Il n'y a connaissance que si l'on quitte la relation sujet-objet pour être un avec.
Pourquoi cette incessant agitation mentale ? À cause du vide et de l'angoisse qui nous arrachent à la plénitude des instants. Les idées-cadres en quantifiant et en délimitant sécurisent par le dehors en masquant provisoirement le trouble intérieur.
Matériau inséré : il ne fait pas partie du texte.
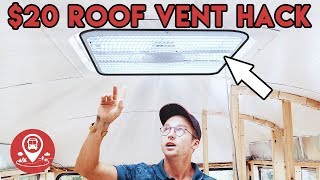 $20 DIY Roof Vent Fan HACK - Bus Conversion by The Voyager Project 25,600 views 6 years ago 7 minutes, 50 seconds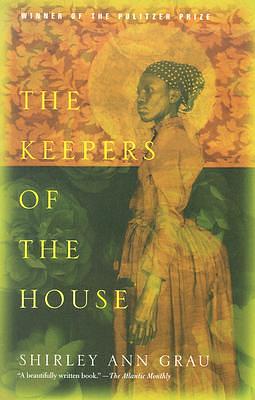 The Keepers of the House by Shirley Ann Grau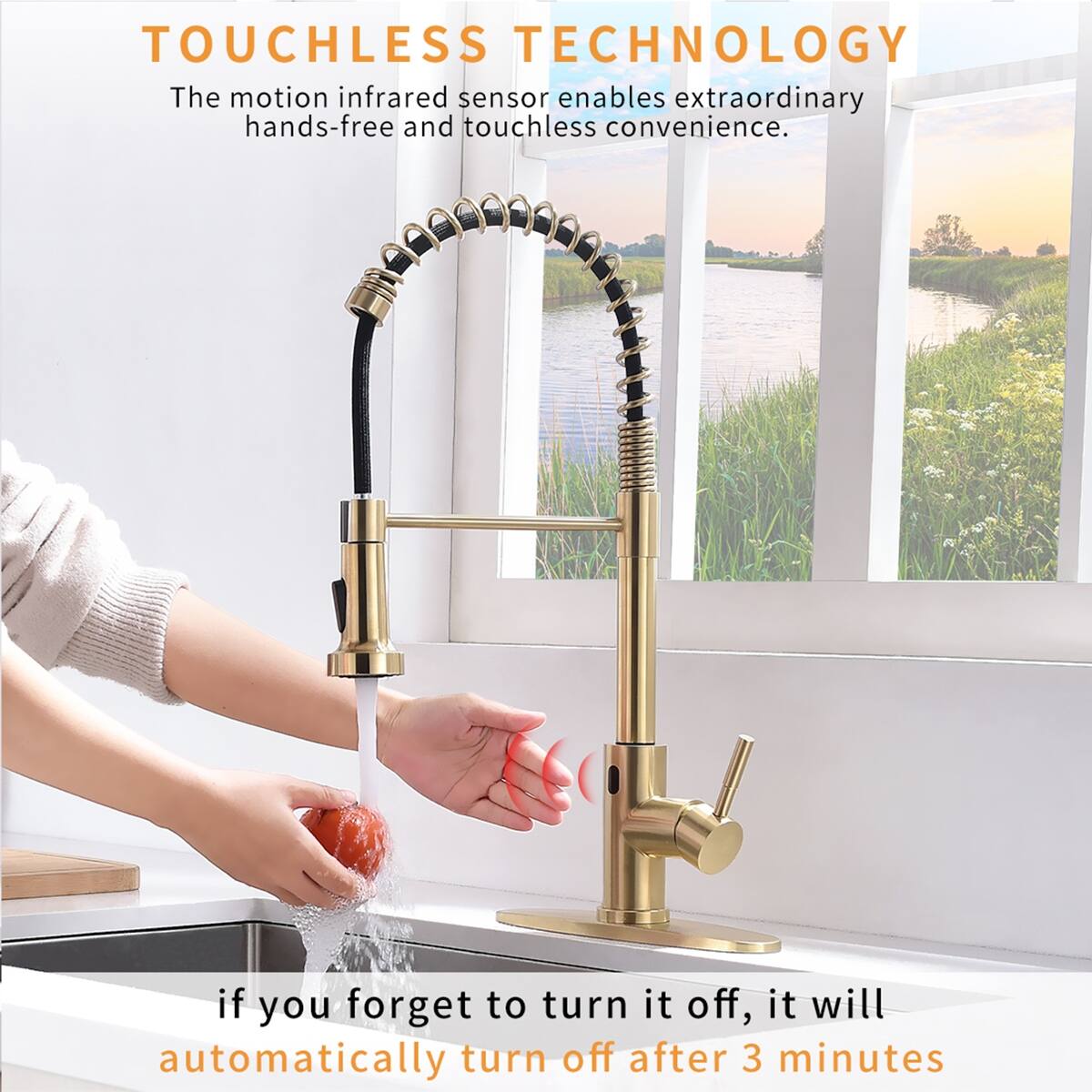TOUCHLESS TECHNOLOGY  
The motion infrared sensor enables extraordinary hands-free and touchless convenience.  
if you forget to turn it off, it will automatically turn off after 3 minutes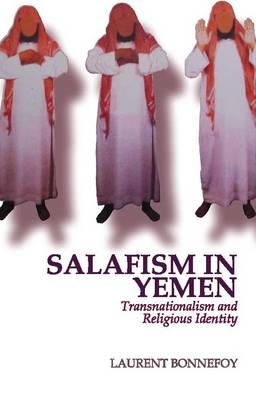 Laurent Bonnefoy - Salafism in Yemen: Transnationalism and Religious Identity - 9781849041317 - V9781849041317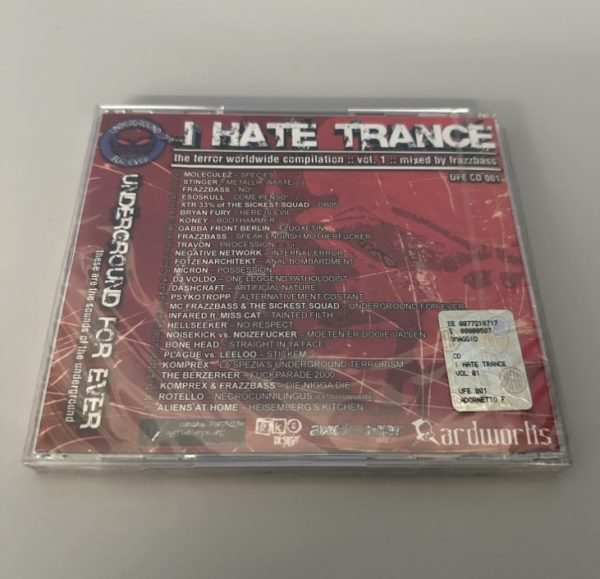 Frazzbass ‎– I Hate Trance: The Terror Worldwide Compilation Vol .1 (These Are The Sounds Of The Underground) CD0682 - immagine 2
Qu'un moment de plénitude survienne, ne vous l'attribuez pas. Vous n'y êtes pour presque rien, malgré vos industries. Très tôt vous allez vous en apercevoir. Cela se passe dans l'impersonnel. Lâchez prise, absentez-vous : la joie est toujours là.Votre erreur est de trop chercher à comprendre. Peut-être saurez-vous qu'il n'y a pas à comprendre. Seule la mémoire du corps entier fait exister le passé dans l'instant, hors nostalgie. La mémoire mentale surdéveloppée sépare et frappe de nécrose toute sensation.
Le noyau de la personnalité n'est pas le moi construction de mémoire, mais dans la capacité d'accéder de façon unique à l'universel. »
Jean Sulivan, L'écart et l'alliance, p. 88-89, Gallimard.